L’innovation et la formation au cœur de l’ingénierie de l’eau

Dossier : De l’eau pour tousMagazine N°683 Mars 2013
Par Jacques GAILLARD (73)
Par Jean-Marc USSEGLIO
Par Marc GIROUSSENS

L’ingénierie fran­çaise et euro­péenne, et tout par­ti­cu­liè­re­ment l’ingénierie de l’eau, doit faire face à trois défis majeurs : accé­lé­rer son déve­lop­pe­ment inter­na­tio­nal ; pro­po­ser à ses clients une offre de métiers la plus com­plète pos­sible ; atti­rer les meilleurs talents en pro­po­sant à ses col­la­bo­ra­teurs des car­rières diver­si­fiées. La capa­ci­té de nos socié­tés d’ingénierie à pro­po­ser à leurs clients, tout comme à leurs propres col­la­bo­ra­teurs, une offre de ser­vices inno­vante s’impose donc comme un des défis majeurs de notre profession.

REPÈRES
Dans l’acte de construire, l’ingénierie se trouve à une place tout à fait pri­vi­lé­giée entre le maître d’ouvrage et l’entreprise. C’est là, au moment où le besoin du client com­mence à s’incarner en termes de pro­jets de construc­tion, que la socié­té d’ingénierie trouve toute sa rai­son d’être comme conseil du client, force de pro­po­si­tion, par­te­naire de l’entreprise, vec­teur d’innovation.
L’effet de levier est consi­dé­rable lorsque l’innovation apporte des éco­no­mies sub­stan­tielles en termes d’investissement ou de coût glo­bal de l’ouvrage.
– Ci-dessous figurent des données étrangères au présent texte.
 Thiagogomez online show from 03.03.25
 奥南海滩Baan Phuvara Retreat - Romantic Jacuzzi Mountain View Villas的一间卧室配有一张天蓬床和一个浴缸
Les socié­tés d’ingénierie, qui pen­dant long­temps se sont trou­vées relé­guées à des rôles de sous-trai­tant auprès des grands groupes de BTP et, dans le domaine de l’eau, auprès des grandes socié­tés de dis­tri­bu­tion d’eau, ont une impé­rieuse néces­si­té de tirer leur valeur ajou­tée vers le haut en s’imposant comme une force de recherche et d’innovation.
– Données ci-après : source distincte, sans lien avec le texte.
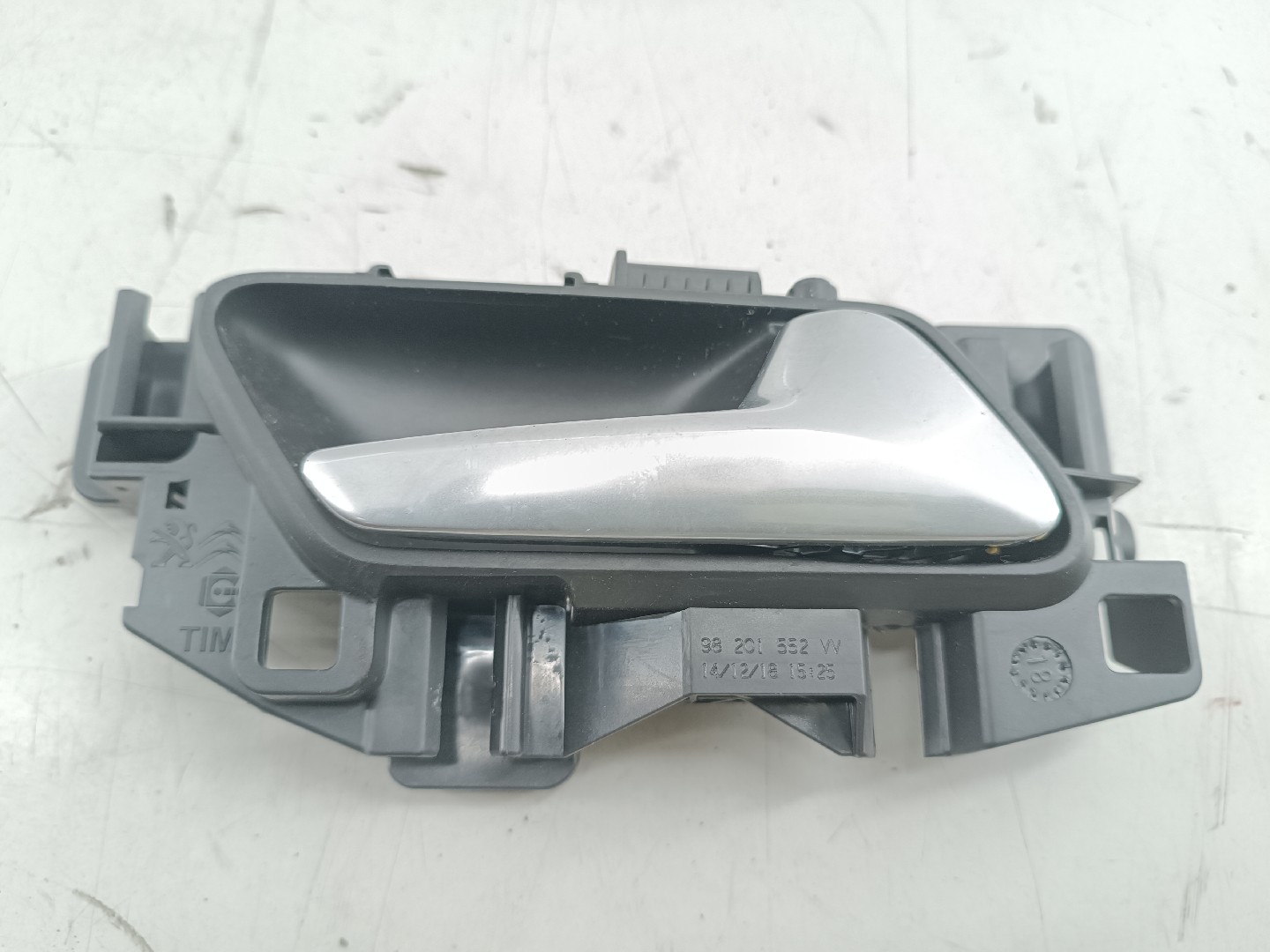 Puxador interior de porta traseira direita PEUGEOT 3008 SUV (M_) | 16 -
L’enjeu est double : convaincre nos clients que nos socié­tés sont les mieux pla­cées pour com­prendre leurs pro­blé­ma­tiques et y appor­ter les réponses les plus adap­tées ; convaincre nos col­la­bo­ra­teurs que nos socié­tés d’ingénierie sont les plus à même de répondre à leurs dési­rs de créa­ti­vi­té et d’innovation.

Une profession mobilisée

L’ensemble de la pro­fes­sion a bien pris conscience de ces enjeux. Syn­tec Ingé­nie­rie a ain­si créé l’année der­nière l’Institut de l’ingénierie, qui a pour voca­tion de pro­mou­voir, coor­don­ner et mettre en valeur la par­ti­ci­pa­tion des ingé­nie­ristes aux pro­jets de recherche et développement.

Une impé­rieuse néces­si­té de tirer la valeur ajou­tée vers le haut

Les socié­tés d’ingénierie membres de Syn­tec ont donc désor­mais la pos­si­bi­li­té d’unir leurs com­pé­tences pour répondre en asso­cia­tion aux pro­grammes de recherche, fran­çais ou inter­na­tio­naux, tou­chant aux métiers de la construction.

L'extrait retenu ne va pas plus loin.